Well, mom tossed us into our seats and peeled out of the parking lot with every intention of getting home as quickly as possible. As the car lurched and raged through the little maze of stop signs and turns looking desperately for open road and a straight shot home, Laura and I smoothly transitioned into Phase 2 of our fight. This was the "make derogatory, deeply personal remarks about the other person and follow them up with slapping" stage. I was very good at this part of the fighting process and I was just getting into my groove when mom boiled over. She turned around quickly, the vinyl seats of her little Gremlin squeaking with the sudden movement, and she looked us all in the eye for a second and said, "I don't want to hear another word . . . not even a breath . . . out of any of you the rest of the way home or there's going to be BIG trouble."

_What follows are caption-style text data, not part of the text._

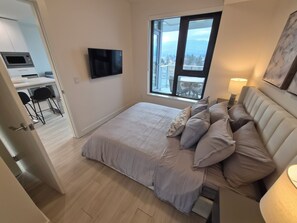 2 slaapkamers, een strijkplank/strijkijzer, wifi, beddengoed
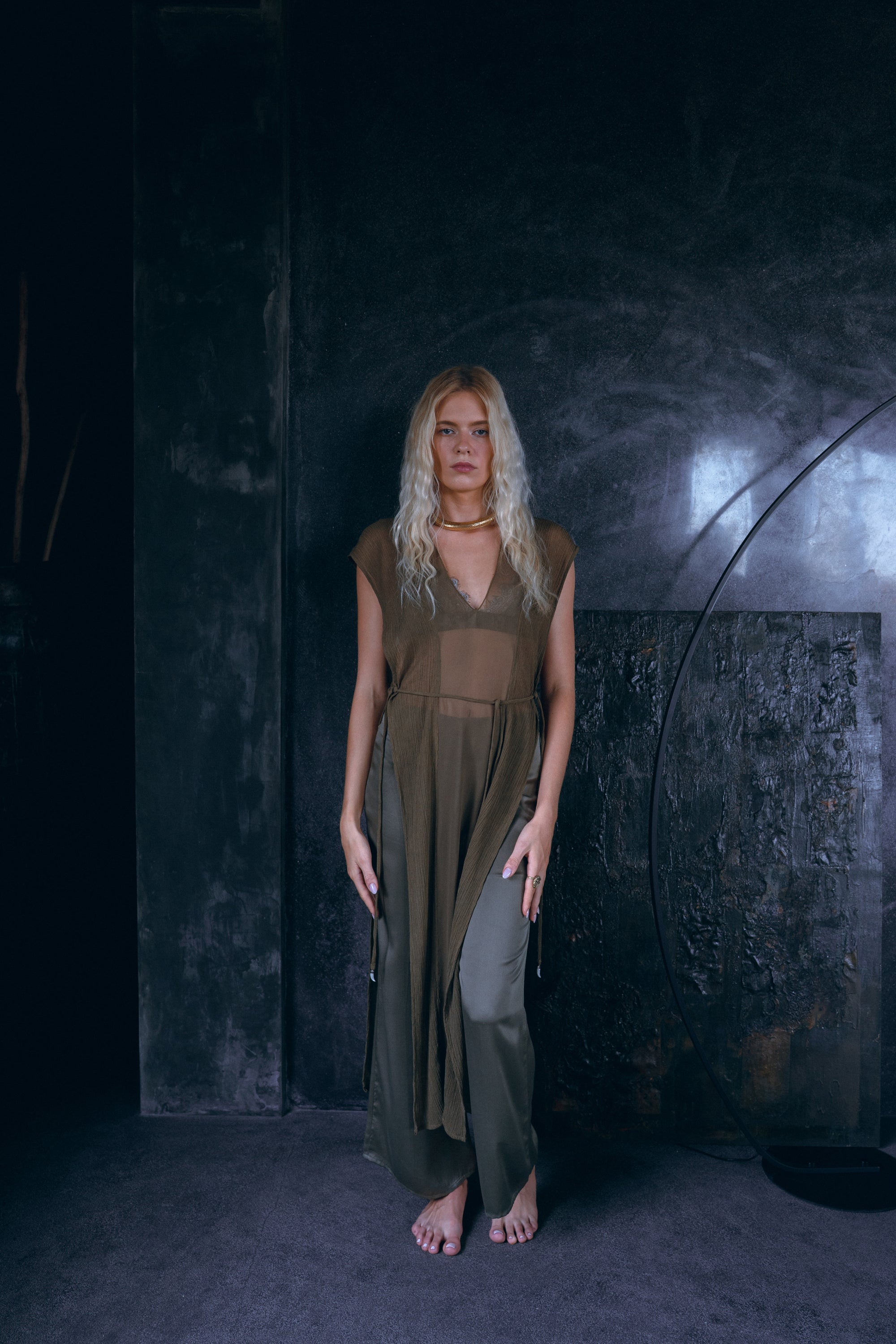 Lakshmi Botanically Dyed Dress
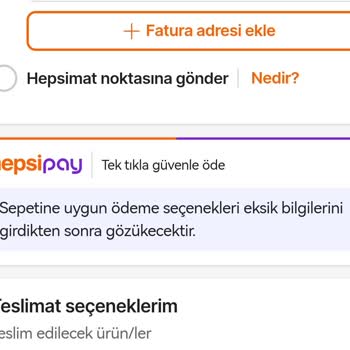 Hepsiburada Uygulamasında Alışveriş Yapamıyorum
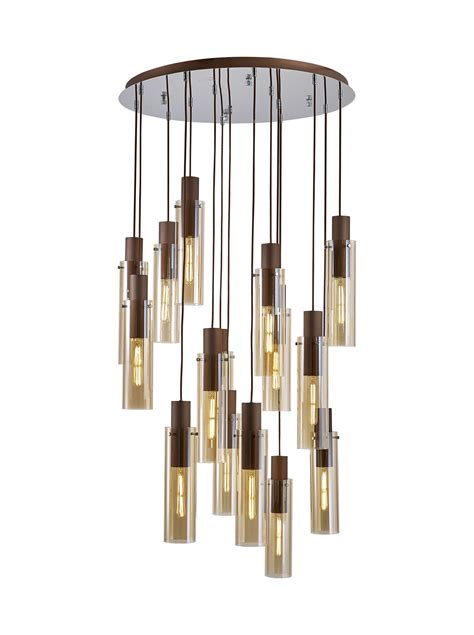 Meyer Slim 15 Light Cluster Pendant - Abbeygate Lighting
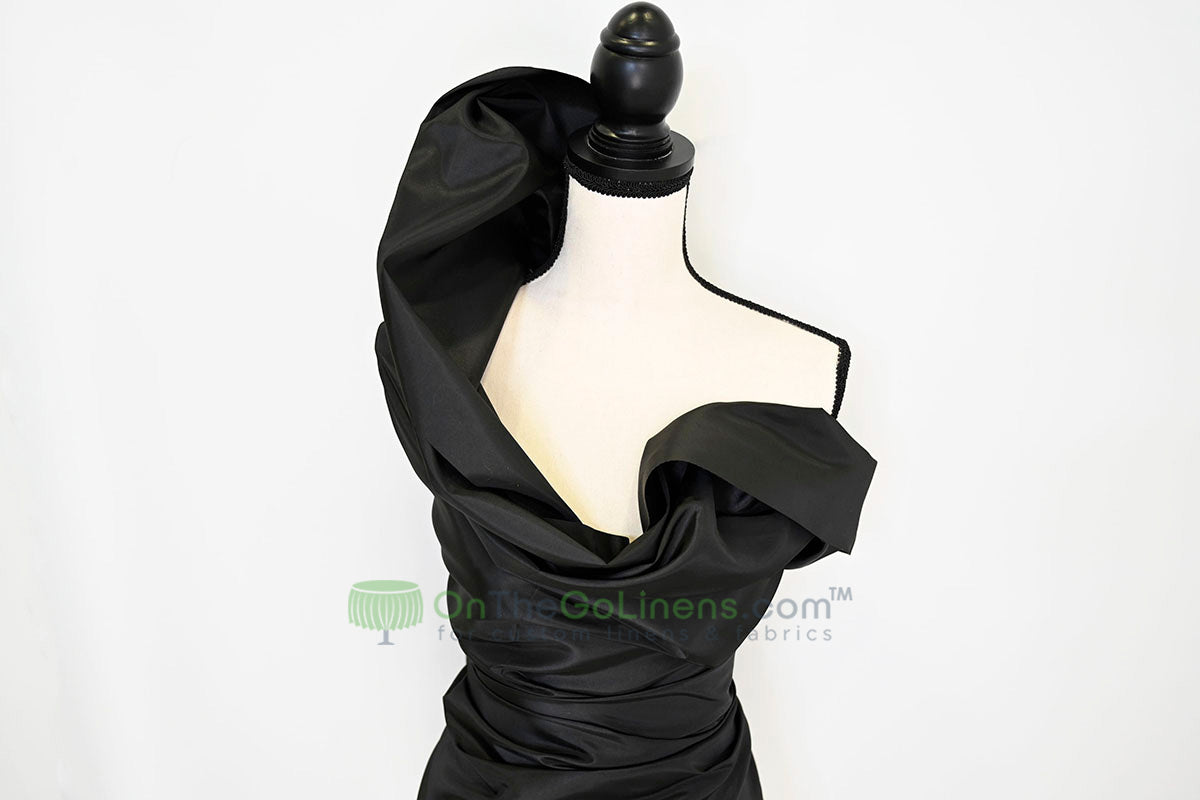 Taffeta Fabric by the Yard | Non Stretch Taffeta | 60" Wide | 75 Colors Available | Wholesale Bolt Available |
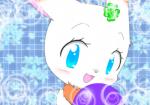 blue_eyes blush chest_tuft eyelashes female fur long_ears looking_at_viewer shamrock smile solo tuft white_body white_fur puku2315 happy_happy_clover sayuri_tatsuyama clover_(happy_happy_clover) lagomorph leporid mammal rabbit blueberry_(disambiguation) 2015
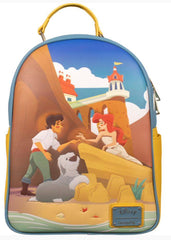 Loungefly The Little Mermaid (1989) - Ariel & Eric Beach US Exclusive Mini Backpack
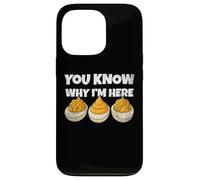 You Know Why I'm Here Funny Foodie Deviled Eggs Men Women Carcasa para iPhone 13 Pro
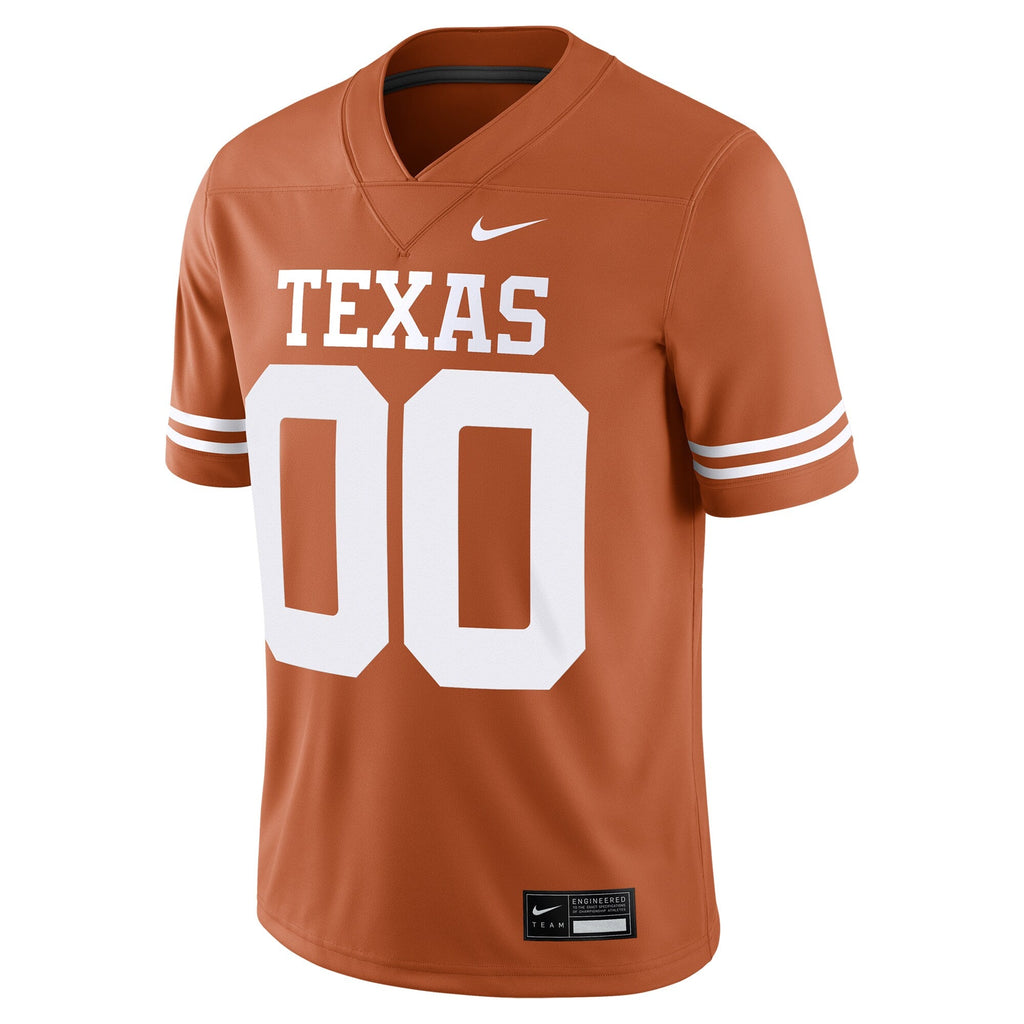 Texas Longhorns NIL Pick-A-Player Game Jersey - Texas Orange product image 3, provided for visual reference and product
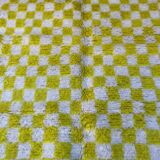 Yellowza checkerboard rug 182x132cm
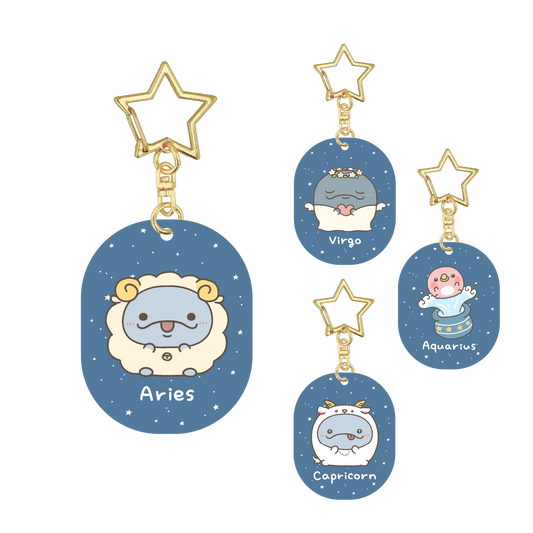 【親子イルカ】12星座アクキー【10月下旬発送】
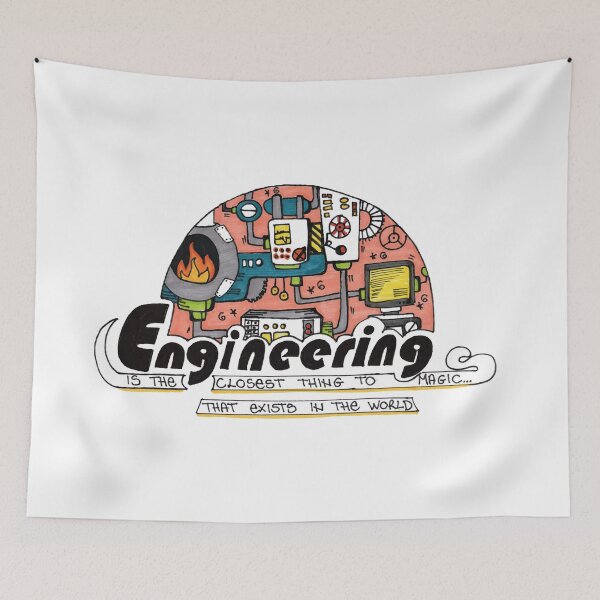 Item preview, Engineering is The Closest Thing To Magic designed and sold by HighArtDesigns.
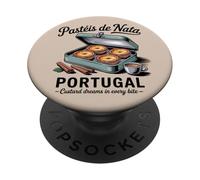 Traditional Custard Tarts Food Art Pastéis de Nata Portugal PopSockets Adhesive PopGrip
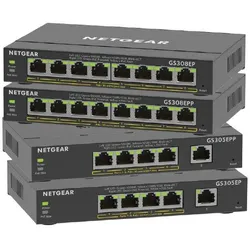 NETGEAR 5-Port Gigabit Ethernet PoE+ Power over Ethernet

Well, normally threats didn't work on us, but this time she seemed serious--and honestly, a little crazy. Her right eye was twitching and her left shoulder kept jerking up toward her ear involuntarily. It was kind of scary and we thought for a second that maybe we had broken her. But eventually the twitching slowly stopped and we decided not to push things any farther. Despite our intentions of finishing the fight with a grand finale on the ride home, we settled quietly into the back seats and clenched our mouths tightly closed--even though we continued throwing angry glances back and forth at each other.


During the remainder of that ride, the only one that made any noise at all was Jeanne--and she was making happy sounds. See, once she got in the car, she was reunited with her stuffed Donald Duck and she was all babbly happiness. As I've mentioned before, that toy was the light of her world. It was a toy upon which, in Jeanne's estimation, the sun rose and set. Without that drool-stained duck tucked under her arm, Jeanne couldn't sleep, couldn't eat, couldn't laugh. Now, with that toy back in her possession, she wasn't quiet, but at least she was happy.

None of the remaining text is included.